[[ Task inputs, beginning ]]
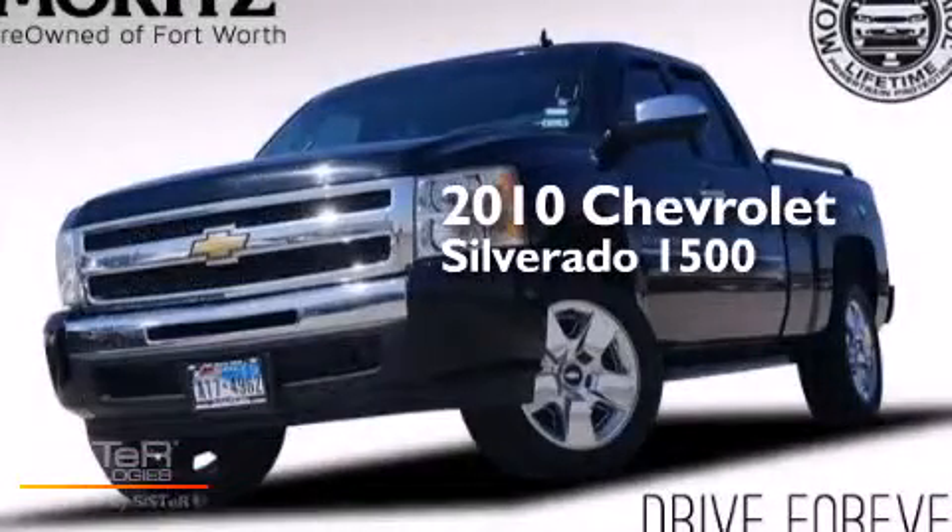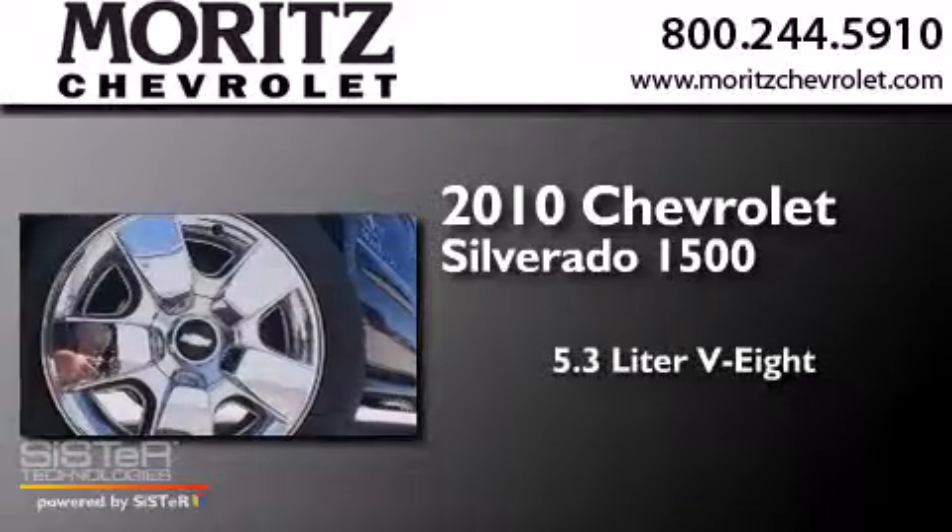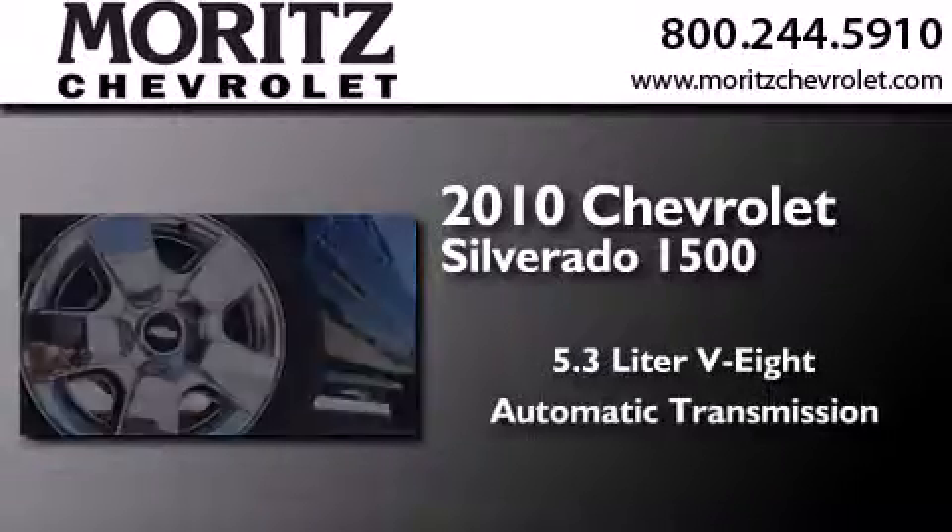This is a 2010 Chevrolet Silverado 1500. It has a 5.3-liter, 8-cylinder engine and an automatic transmission.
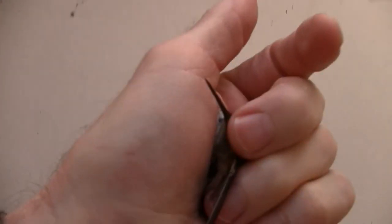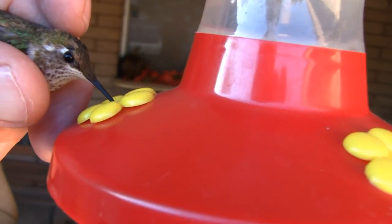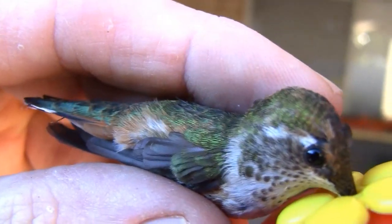This is the second video I've made of a hummingbird that has gotten caught in our skylight and needed rescuing on our back patio. So I gently pulled it from the skylight, stuck its little beak into the sugar water, and it just drank away and drank away as usual.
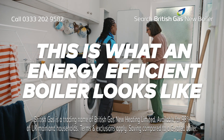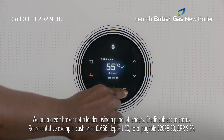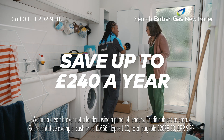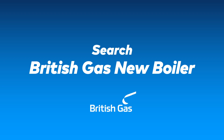This is what an energy-efficient boiler looks like, keeping you warm and cozy this winter. Get a new one from British Gas and you could save up to £240 a year on your energy bills. Spread the cost from just £35 a month with no deposit needed. Buy online today — search British Gas new boiler.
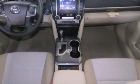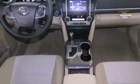Additional features include side-curtain airbags, rear-seat child-proof door locks, heated side-view mirrors, and a vehicle anti-theft system.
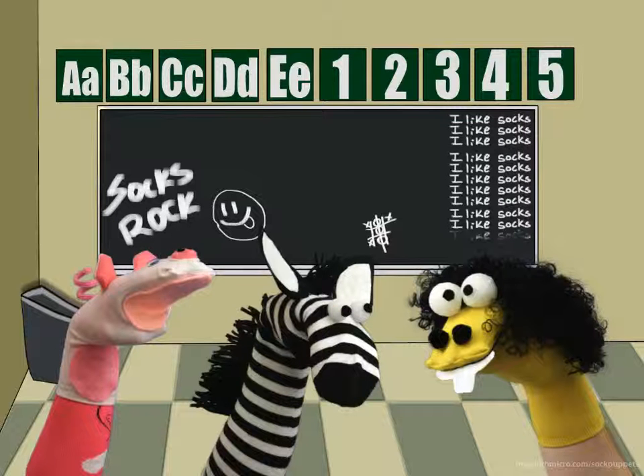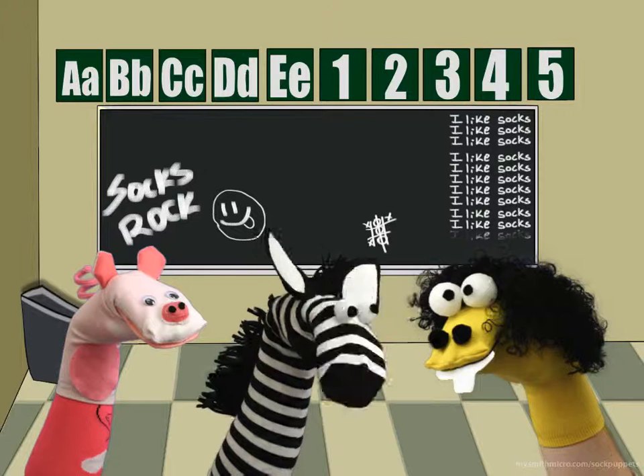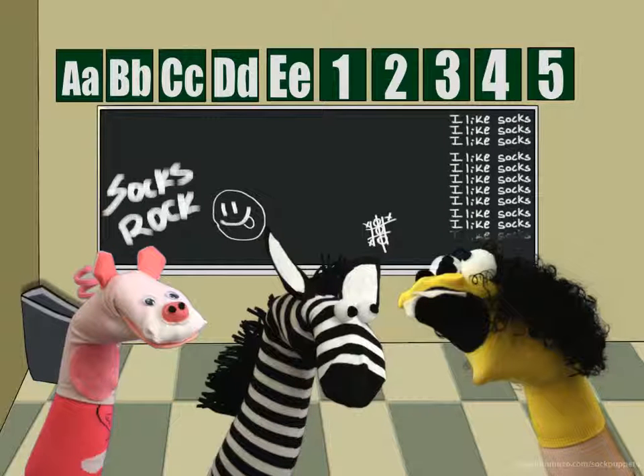Do you know anything about these take-home folders I've heard about? Yes, I do. Those go home each Wednesday. You need to put any important papers in this folder. You also need to put all of your graded papers in this folder for your parents to see, too.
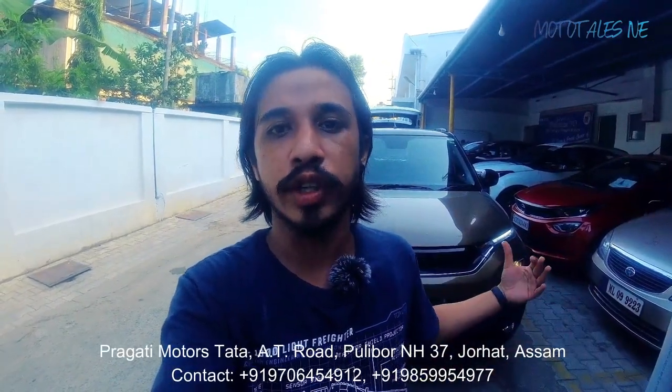Hi there, welcome back to the channel for another video. Today I'm with the all-new Tata Punch sitting right behind me. Tata calls it a micro SUV, and it does feel like a micro SUV for real. Special thanks to Pragati Motors Tata for allowing me to shoot this video. Showroom details will be given in the description below.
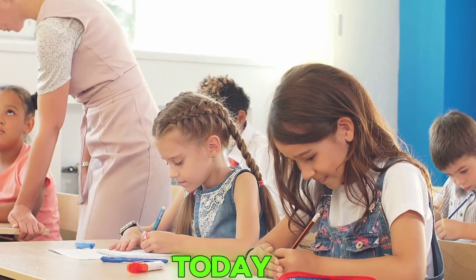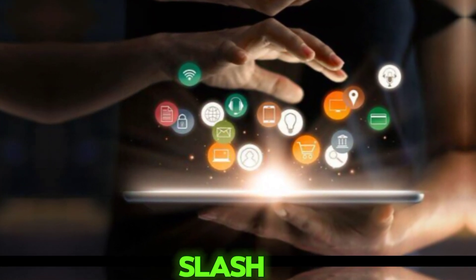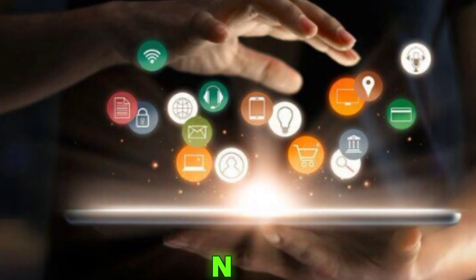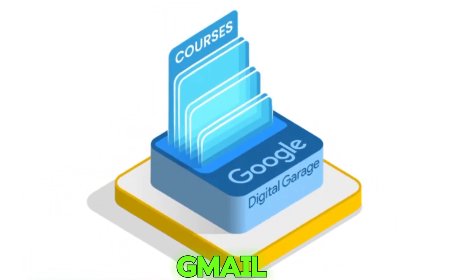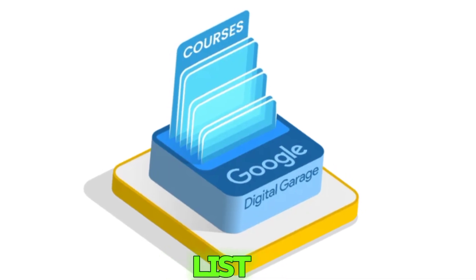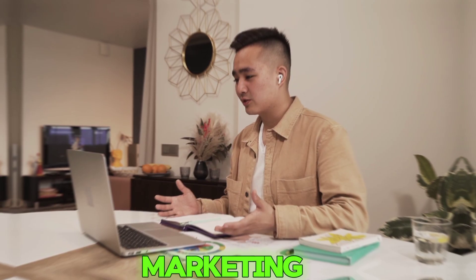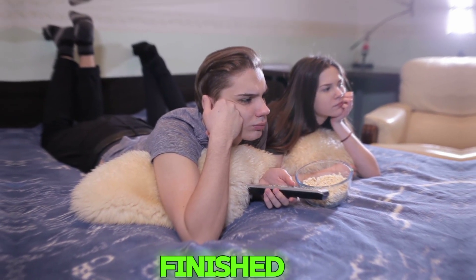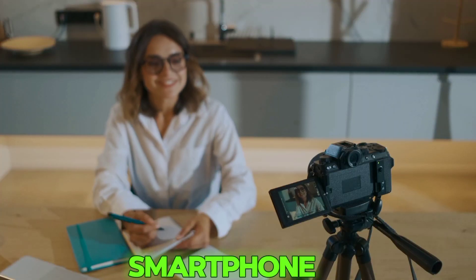How to enroll today? Getting started is super simple. Go to grow.google/intl/en/garage, click sign in with your Gmail account, browse the course list, and select a course like Fundamentals of Digital Marketing. Watch videos, complete quizzes, and download your certificate when finished. That's it — you can start today even from your smartphone.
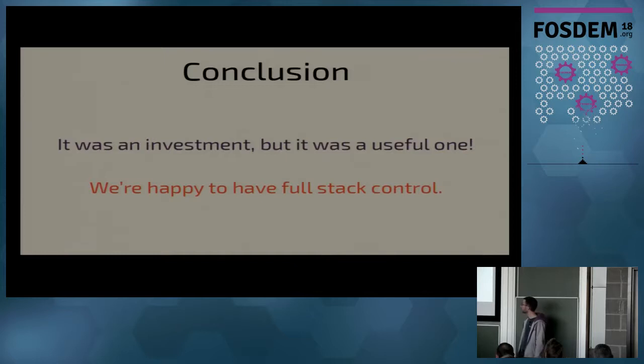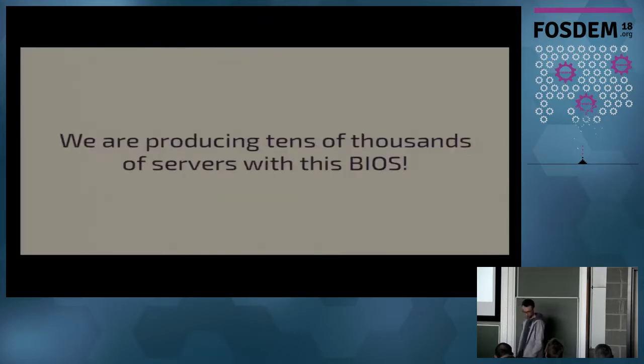It wasn't a trivial investment — Scaleway did have to hire me. But it was very useful, and we are really happy to have control over our full BIOS stack. We are producing lots of these servers and the next scale will run on those.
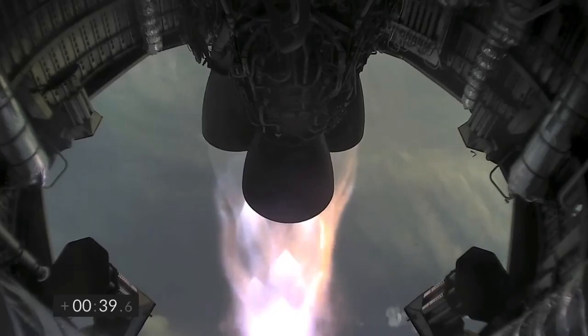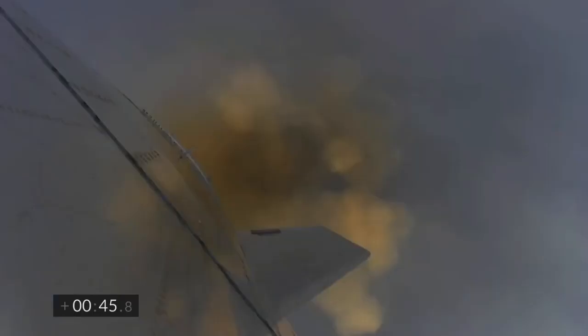T plus 33 seconds, Starship test vehicle number 11 ascending over Starbase in South Texas. One kilometer altitude. We're over one kilometer up. Views from the external camera on Starship number 11 looking back towards the Starbase facility in the fog in South Texas.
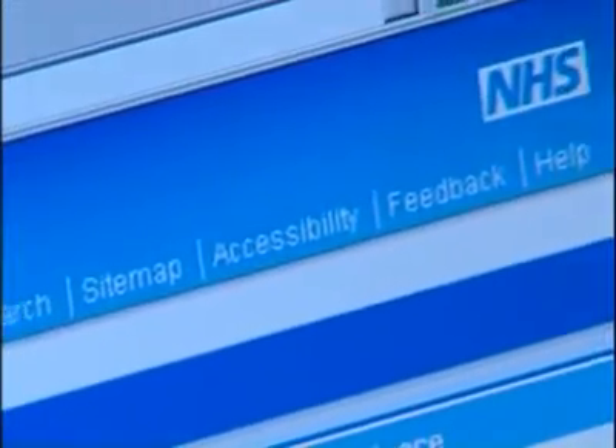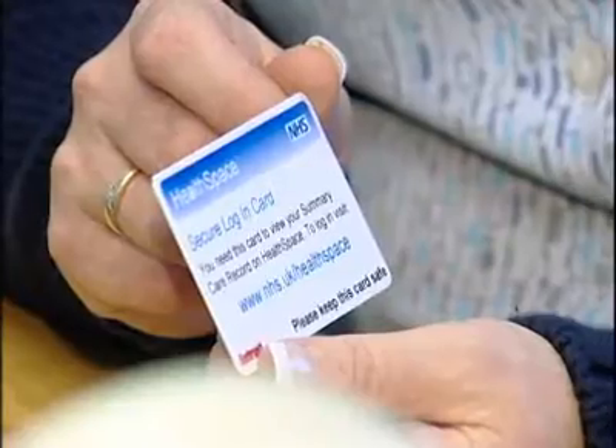Is it easy to use? It's really easy, yeah. You need to register first with Healthspace, and you'd log in using a secure password and an ID.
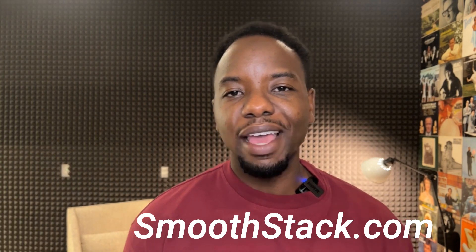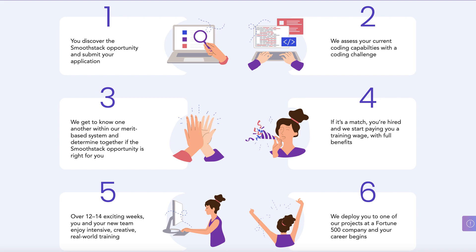Now let's talk about SmoothStack. SmoothStack has a software engineering apprenticeship program, and according to apprenticeship.gov, the starting salary for this role is around $60,000 a year. SmoothStack's application process is very similar to Catalyte in terms of doing an online screening. They actually offer a training program that ranges from 12 to 16 weeks long, and at the end of that you'll be placed at a client or partnering organization to work on the software engineering projects that they have for you.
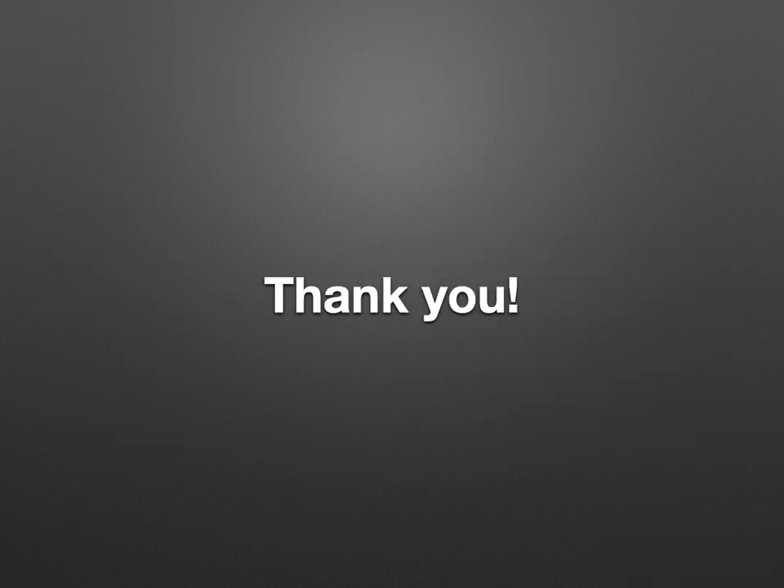Thank you very much for listening. Any questions, you can email me at gaur-atul@hotmail.com. Thank you very much.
[[ Task inputs, end ]]
Work request.
Reproduce the lines of the data that run from the one containing "Now let's talk" to the final line, both included, exactly as they appear and without the pictures.

Task response.
Now let's talk about SmoothStack. SmoothStack has a software engineering apprenticeship program, and according to apprenticeship.gov, the starting salary for this role is around $60,000 a year. SmoothStack's application process is very similar to Catalyte in terms of doing an online screening. They actually offer a training program that ranges from 12 to 16 weeks long, and at the end of that you'll be placed at a client or partnering organization to work on the software engineering projects that they have for you.
Thank you very much for listening. Any questions, you can email me at gaur-atul@hotmail.com. Thank you very much.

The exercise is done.